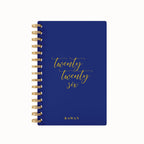 Twenty Twenty-Six Foil 2026 Weekly Agenda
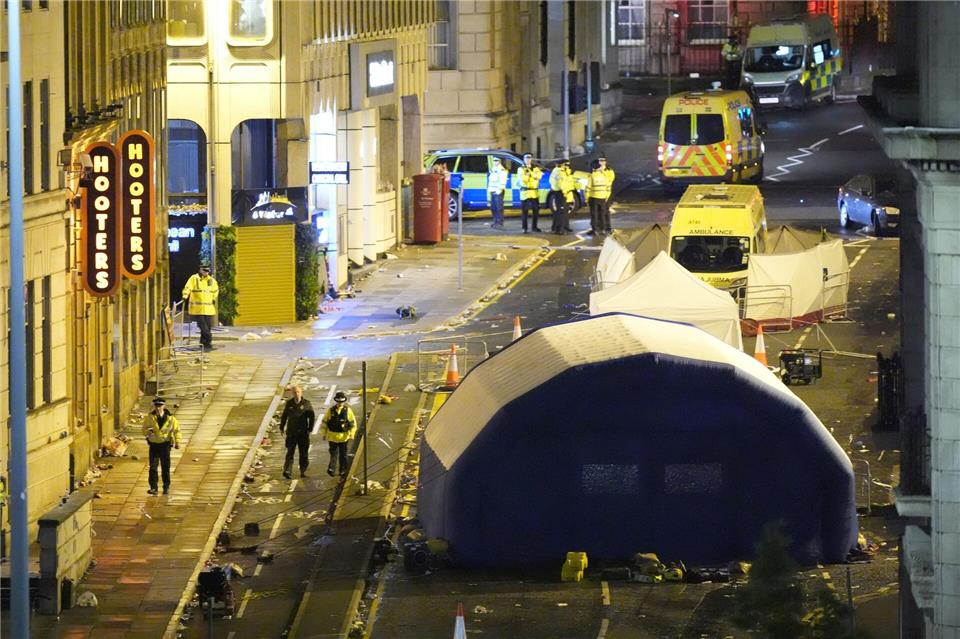 Lange plädierte der 53 Jahre alte Brite auf nicht schuldig - das hat sich nun geändert. (Archivbild)Danny Lawson/PA Wire/dpa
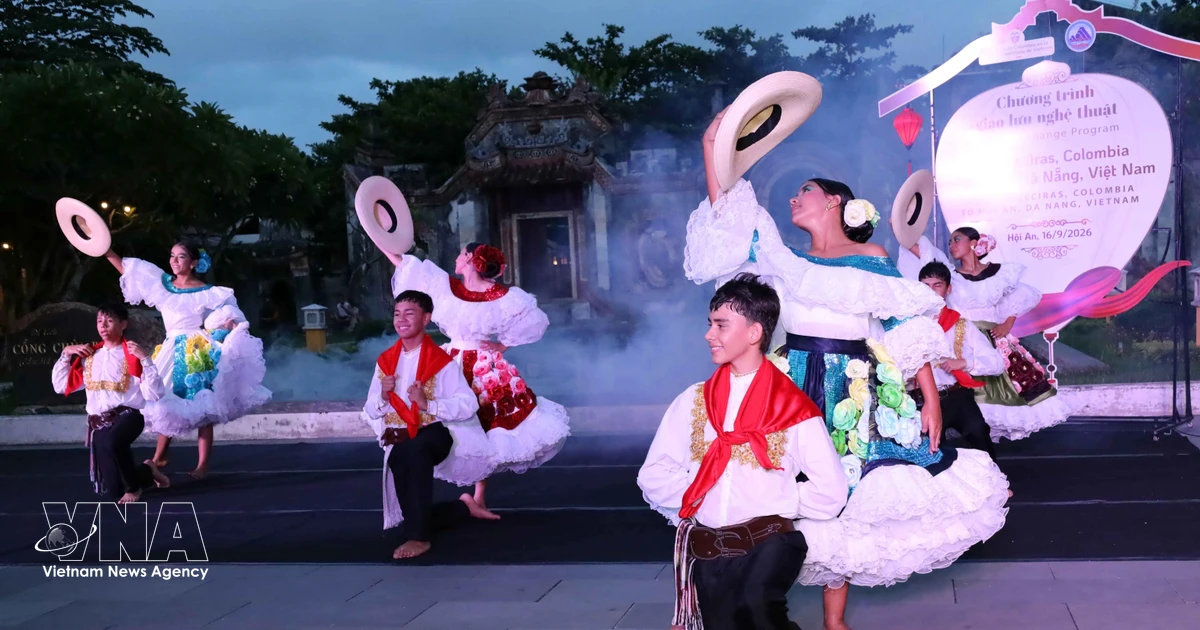 Artistic exchange helps foster Vietnam-Colombia friendship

··········

WHAT IS NEEDED:
What is needed is the full material, retyped unchanged, with no pictures in it.

RESULT:
 Twenty Twenty-Six Foil 2026 Weekly Agenda
 Lange plädierte der 53 Jahre alte Brite auf nicht schuldig - das hat sich nun geändert. (Archivbild)Danny Lawson/PA Wire/dpa
 Artistic exchange helps foster Vietnam-Colombia friendship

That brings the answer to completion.